To do:
A faithful transcript of all the lines below, with no pictures, is the goal here.

Recorded information:

*** Begin section ***

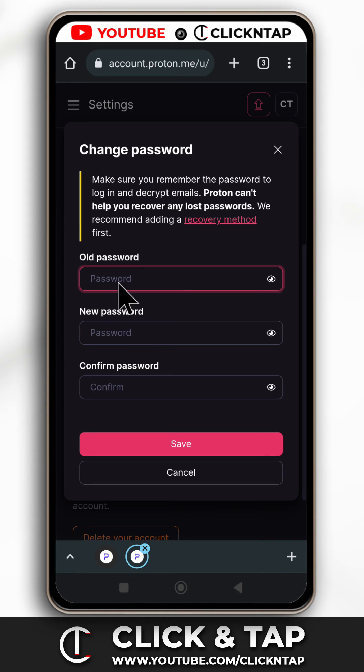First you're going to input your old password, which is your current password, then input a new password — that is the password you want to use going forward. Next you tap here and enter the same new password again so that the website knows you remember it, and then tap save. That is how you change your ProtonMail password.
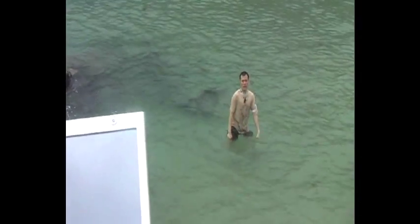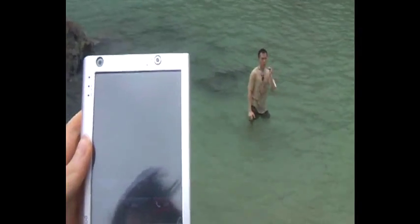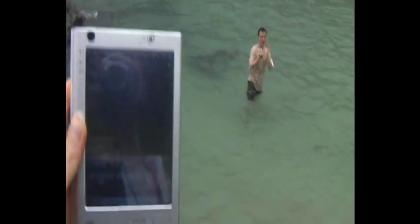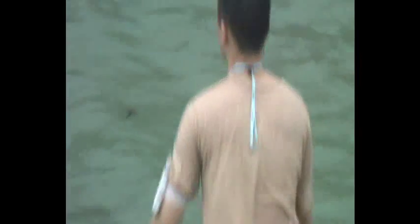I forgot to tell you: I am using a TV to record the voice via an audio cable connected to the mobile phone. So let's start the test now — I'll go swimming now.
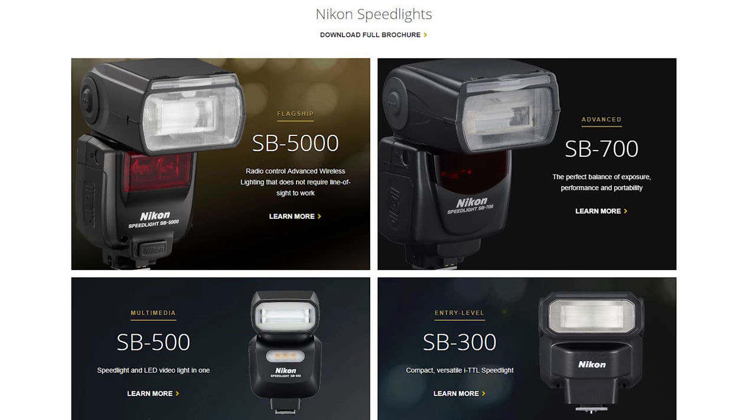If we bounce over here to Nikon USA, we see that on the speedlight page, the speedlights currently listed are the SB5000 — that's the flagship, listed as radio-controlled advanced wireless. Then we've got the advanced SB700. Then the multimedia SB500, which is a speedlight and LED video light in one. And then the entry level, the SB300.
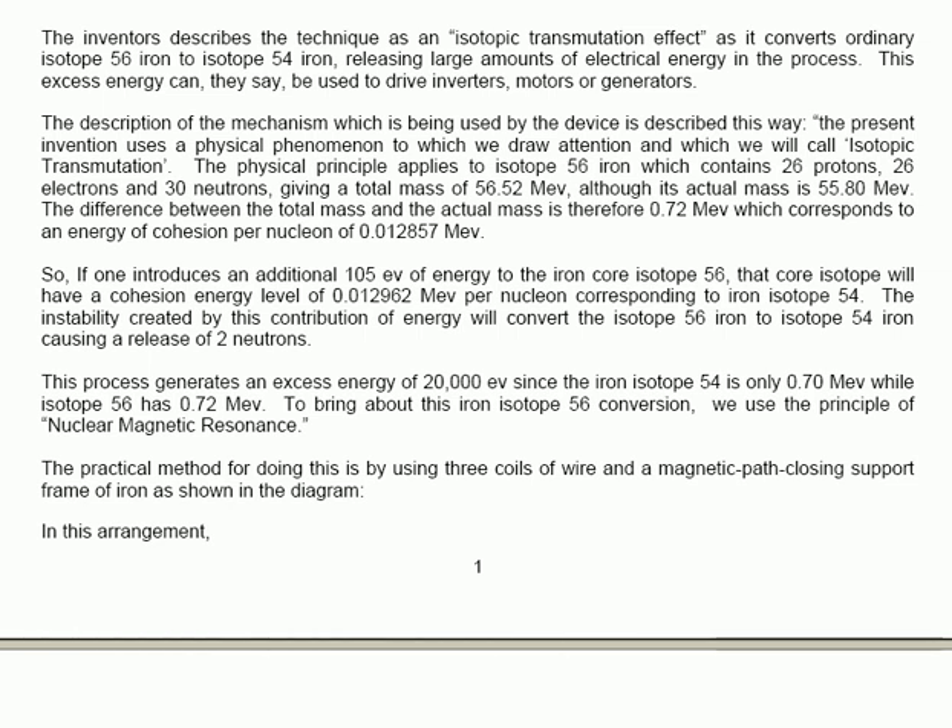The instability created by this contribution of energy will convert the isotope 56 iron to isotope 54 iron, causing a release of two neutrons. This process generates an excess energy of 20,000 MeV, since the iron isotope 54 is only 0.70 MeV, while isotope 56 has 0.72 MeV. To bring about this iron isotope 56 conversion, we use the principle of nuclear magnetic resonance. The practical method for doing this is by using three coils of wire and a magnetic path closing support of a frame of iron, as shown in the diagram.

*** End section ***

Task result:
First you're going to input your old password, which is your current password, then input a new password — that is the password you want to use going forward. Next you tap here and enter the same new password again so that the website knows you remember it, and then tap save. That is how you change your ProtonMail password.
I forgot to tell you: I am using a TV to record the voice via an audio cable connected to the mobile phone. So let's start the test now — I'll go swimming now.
If we bounce over here to Nikon USA, we see that on the speedlight page, the speedlights currently listed are the SB5000 — that's the flagship, listed as radio-controlled advanced wireless. Then we've got the advanced SB700. Then the multimedia SB500, which is a speedlight and LED video light in one. And then the entry level, the SB300.
The instability created by this contribution of energy will convert the isotope 56 iron to isotope 54 iron, causing a release of two neutrons. This process generates an excess energy of 20,000 MeV, since the iron isotope 54 is only 0.70 MeV, while isotope 56 has 0.72 MeV. To bring about this iron isotope 56 conversion, we use the principle of nuclear magnetic resonance. The practical method for doing this is by using three coils of wire and a magnetic path closing support of a frame of iron, as shown in the diagram.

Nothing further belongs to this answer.